(Extracted entries)

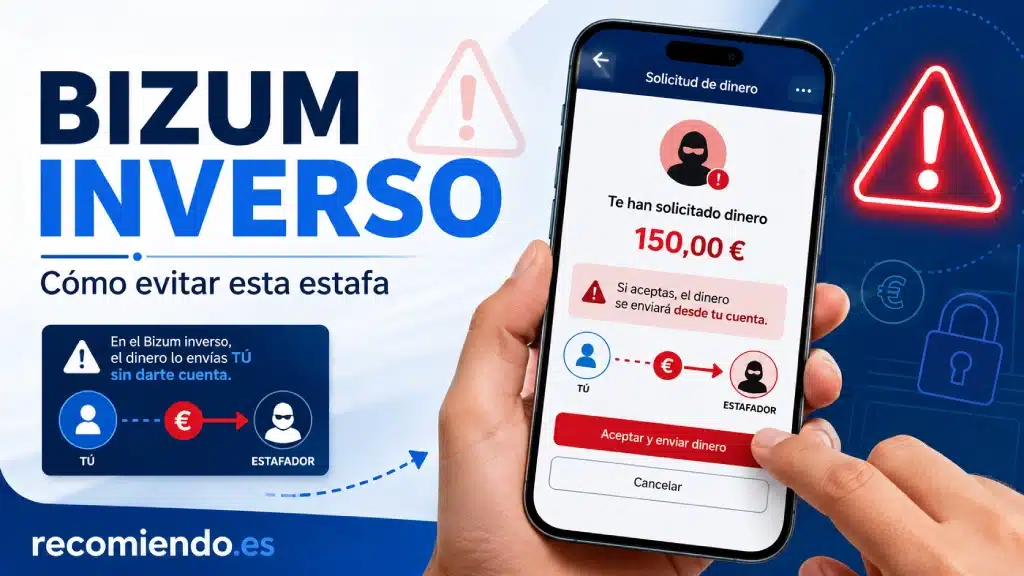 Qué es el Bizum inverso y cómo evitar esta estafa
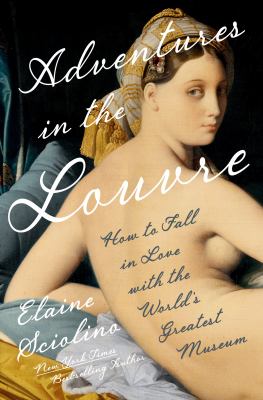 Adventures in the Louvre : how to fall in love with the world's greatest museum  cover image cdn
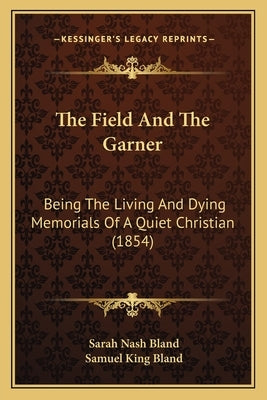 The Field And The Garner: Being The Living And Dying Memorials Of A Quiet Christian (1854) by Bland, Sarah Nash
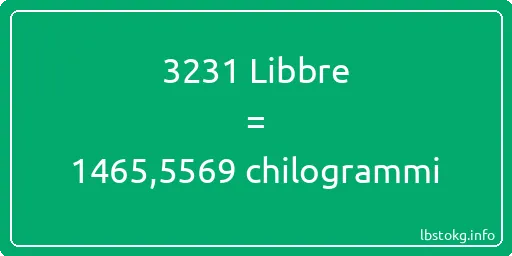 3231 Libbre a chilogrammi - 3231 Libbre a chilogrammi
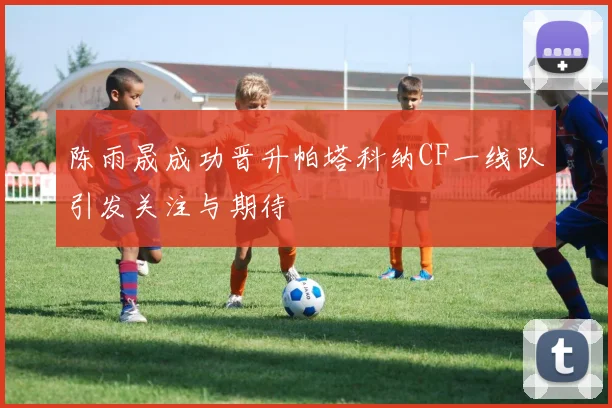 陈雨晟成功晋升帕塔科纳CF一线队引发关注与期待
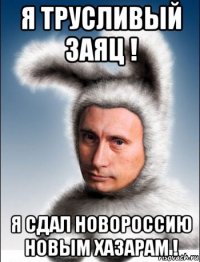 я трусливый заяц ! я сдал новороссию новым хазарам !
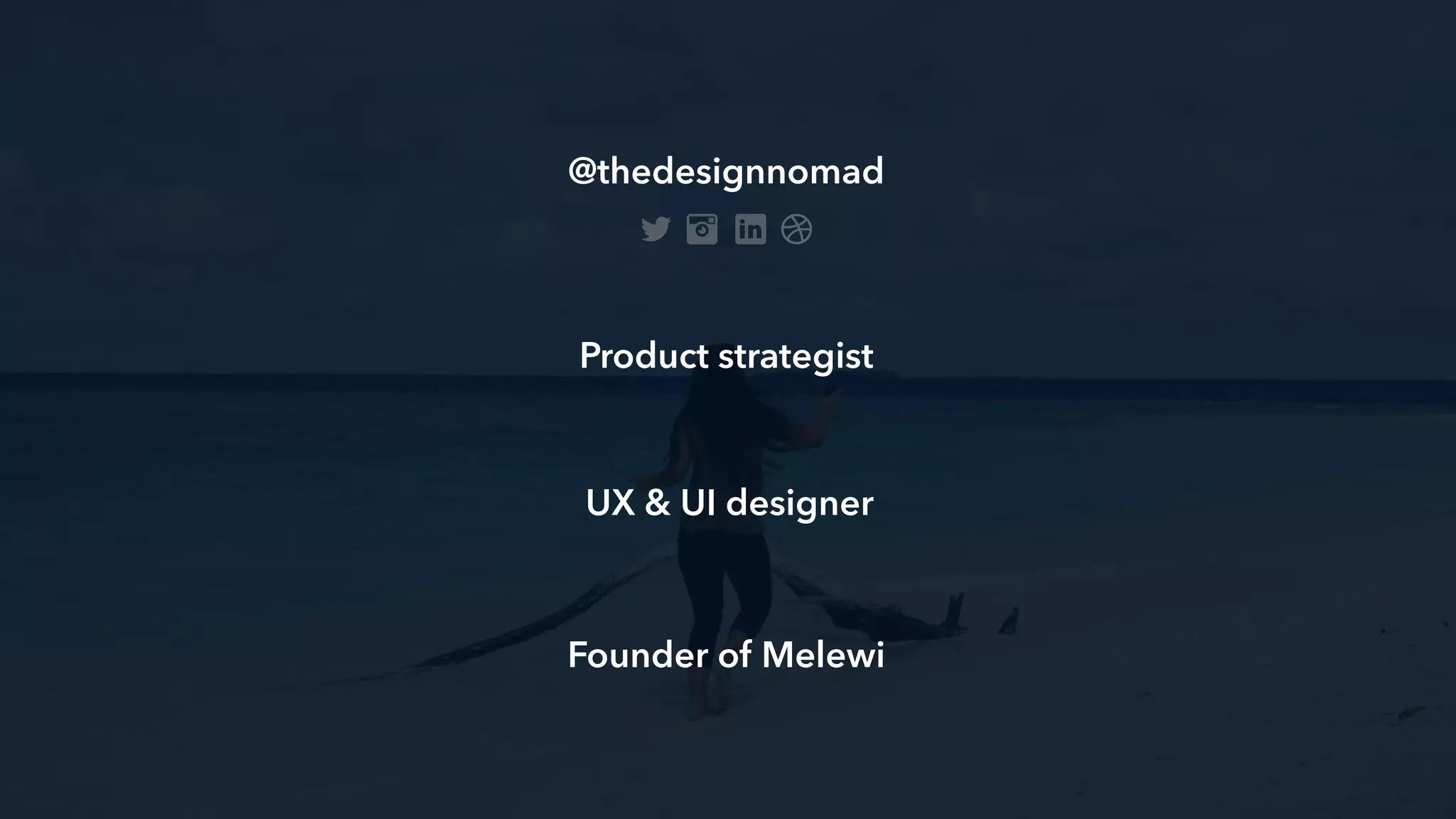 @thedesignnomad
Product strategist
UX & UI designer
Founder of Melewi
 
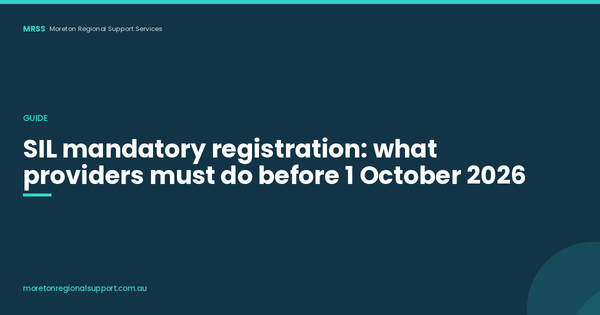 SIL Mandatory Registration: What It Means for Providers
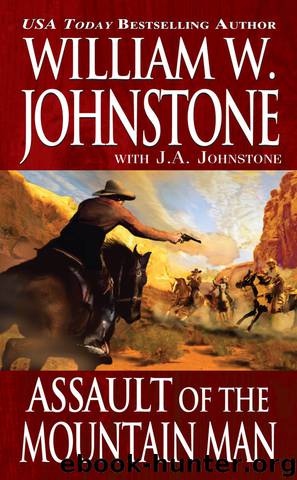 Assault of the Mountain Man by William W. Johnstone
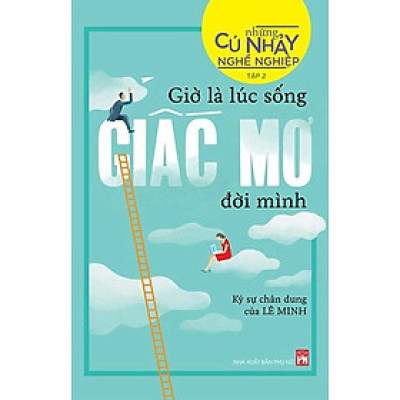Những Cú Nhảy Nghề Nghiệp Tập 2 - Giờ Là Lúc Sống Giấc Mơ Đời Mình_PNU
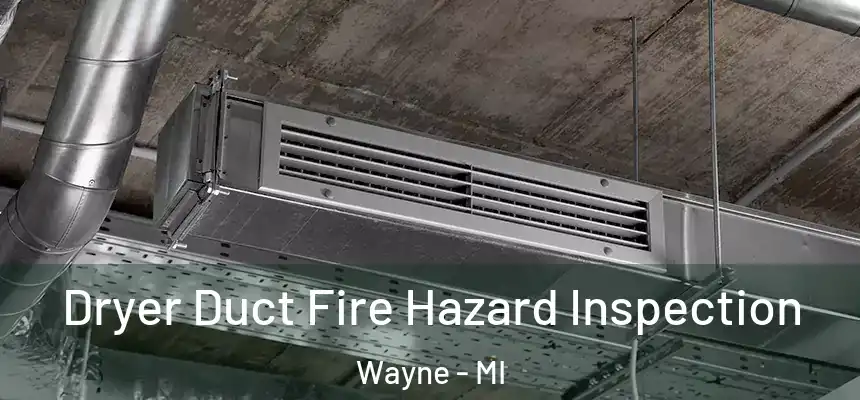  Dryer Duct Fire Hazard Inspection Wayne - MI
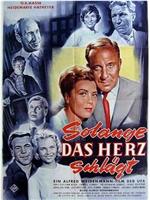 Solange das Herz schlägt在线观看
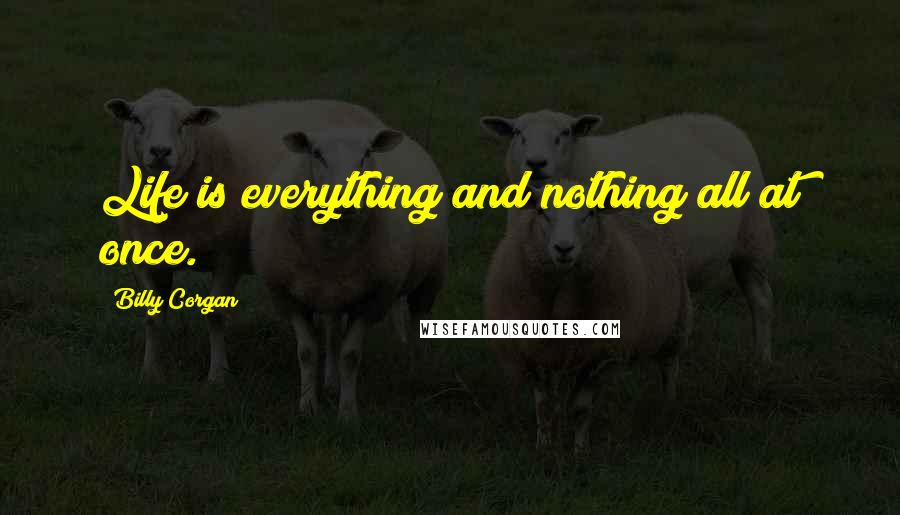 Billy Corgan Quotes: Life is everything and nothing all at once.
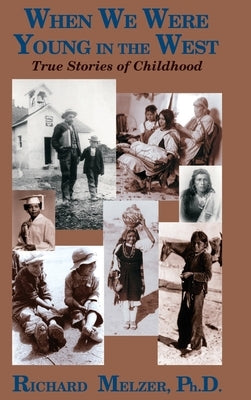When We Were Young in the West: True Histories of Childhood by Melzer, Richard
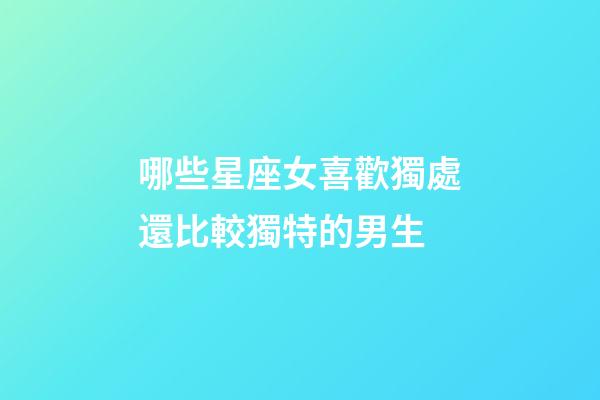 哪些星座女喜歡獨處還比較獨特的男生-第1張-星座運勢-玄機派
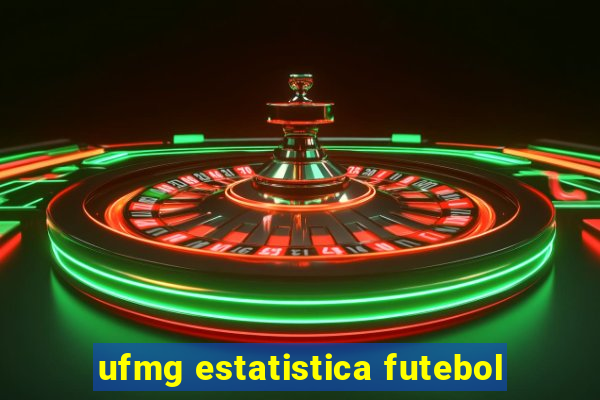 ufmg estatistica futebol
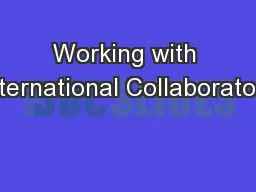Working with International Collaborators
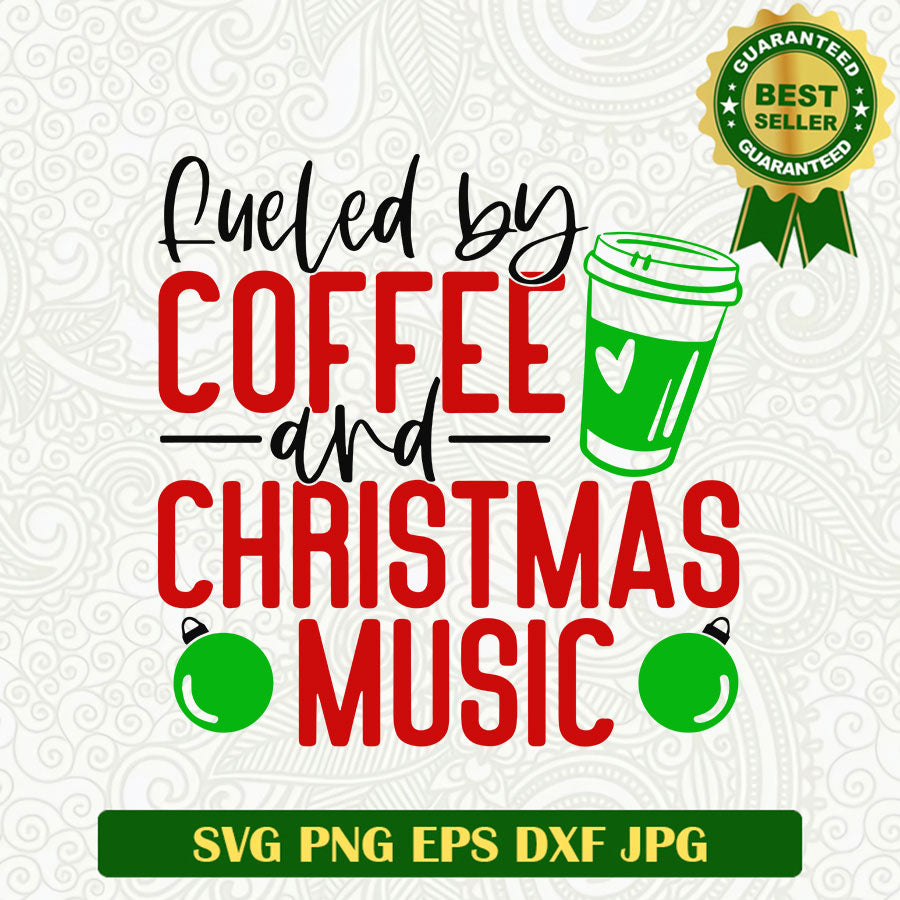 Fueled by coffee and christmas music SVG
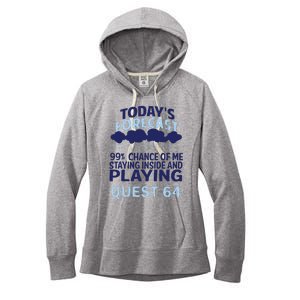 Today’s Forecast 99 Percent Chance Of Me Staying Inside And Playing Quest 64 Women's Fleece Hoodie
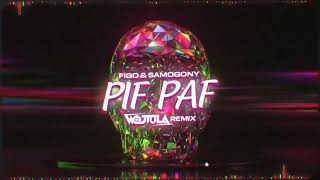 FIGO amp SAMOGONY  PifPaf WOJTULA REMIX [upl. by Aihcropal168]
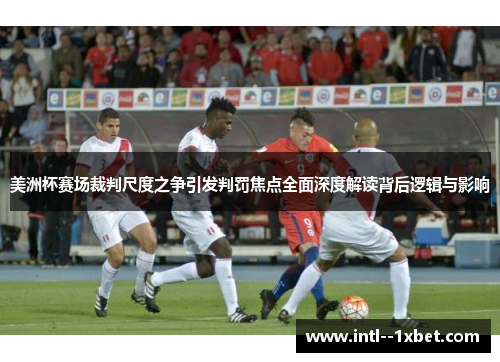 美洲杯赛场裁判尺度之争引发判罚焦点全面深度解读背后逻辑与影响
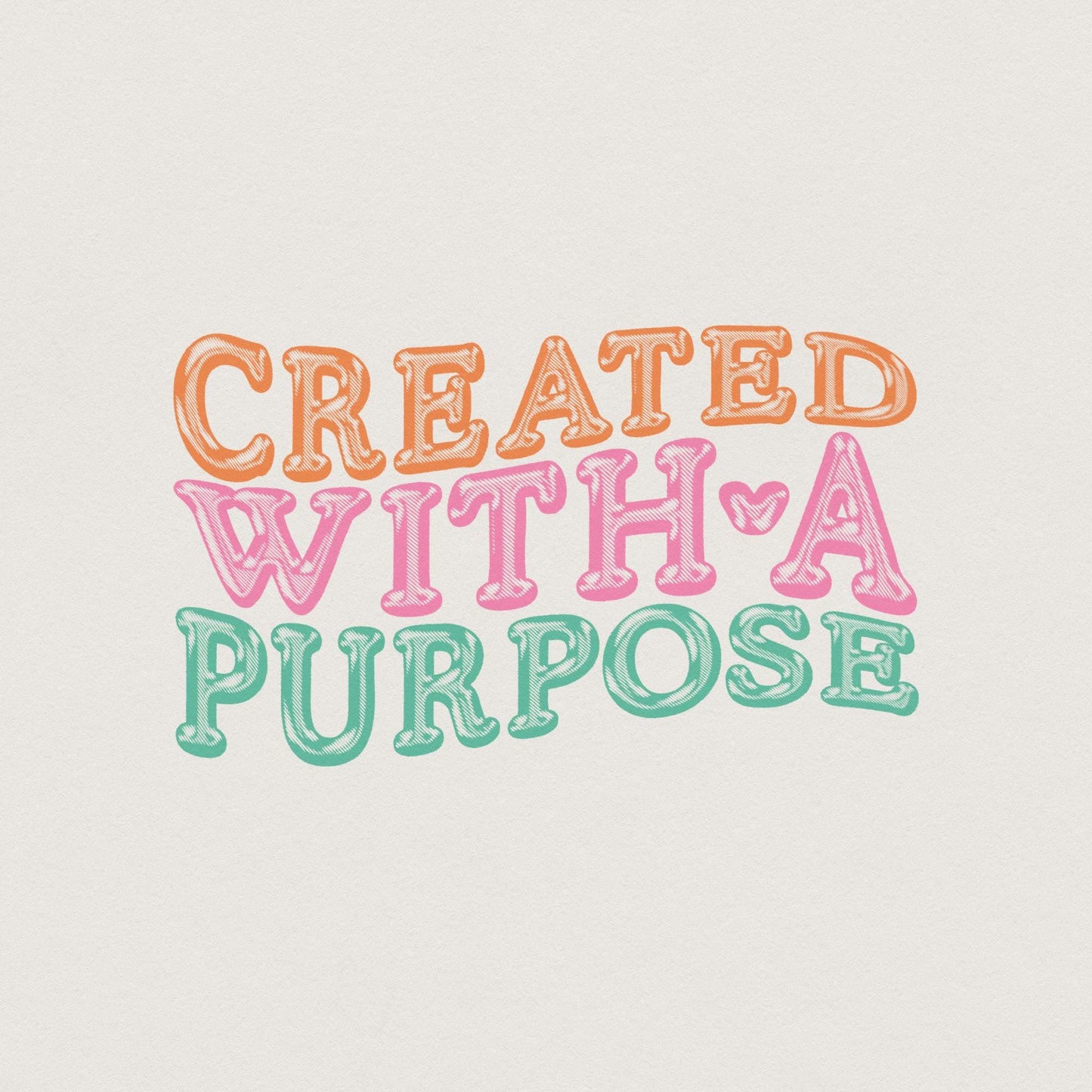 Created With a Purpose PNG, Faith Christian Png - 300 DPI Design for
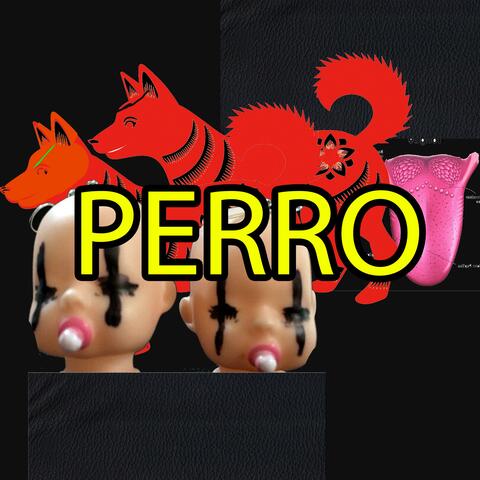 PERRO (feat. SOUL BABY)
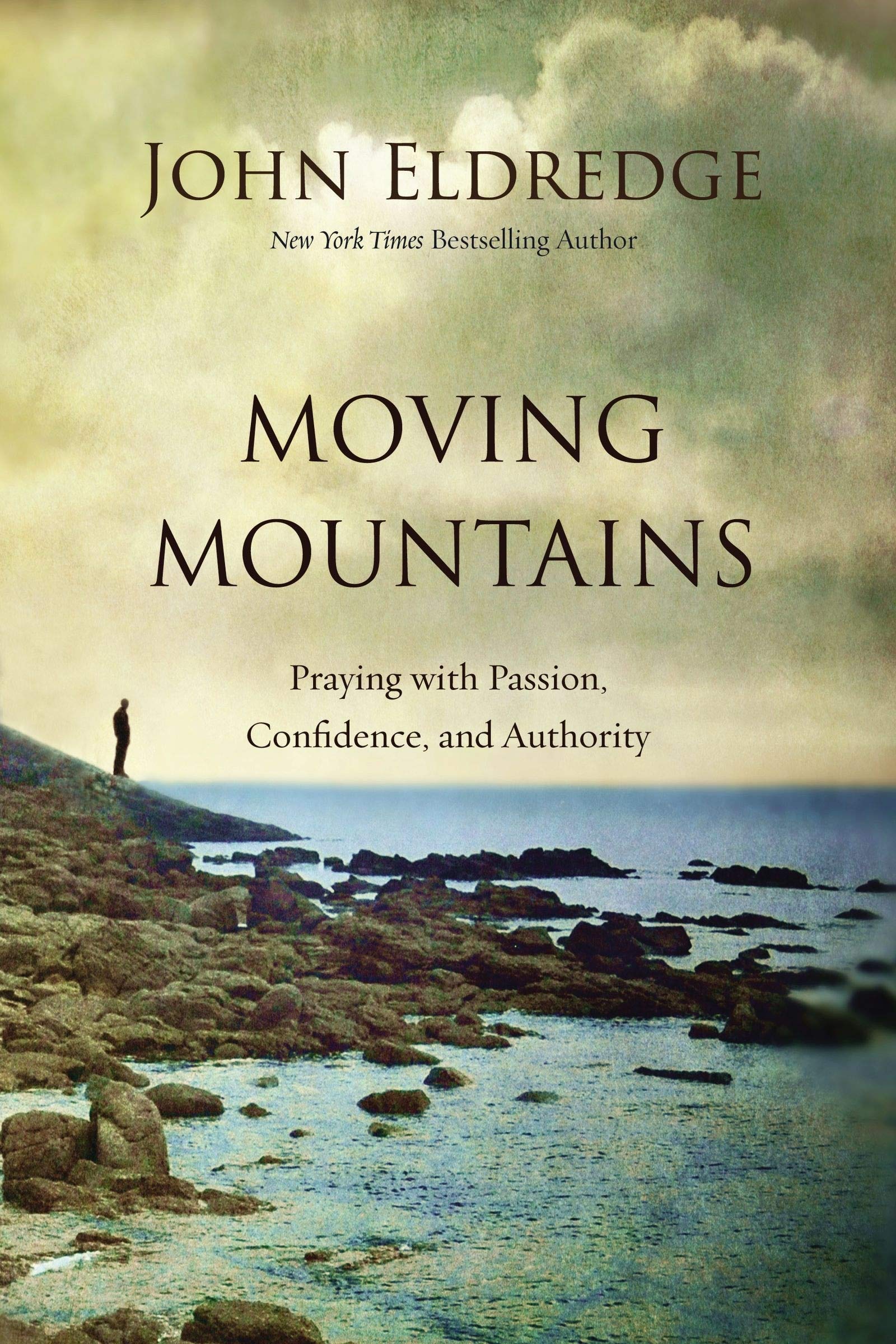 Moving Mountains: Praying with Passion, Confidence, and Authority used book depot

(End Extracted entries)

◆ **Task goal**: Transcribe the lines that run from the line bearing "Fueled by coffee and christmas music SVG" through the last line of the data. Keep the wording exact and leave out every picture.

◆ **Answer area**:
 Fueled by coffee and christmas music SVG
 Today’s Forecast 99 Percent Chance Of Me Staying Inside And Playing Quest 64 Women's Fleece Hoodie
 FIGO amp SAMOGONY  PifPaf WOJTULA REMIX [upl. by Aihcropal168]
 美洲杯赛场裁判尺度之争引发判罚焦点全面深度解读背后逻辑与影响
 Created With a Purpose PNG, Faith Christian Png - 300 DPI Design for
 PERRO (feat. SOUL BABY)
 Moving Mountains: Praying with Passion, Confidence, and Authority used book depot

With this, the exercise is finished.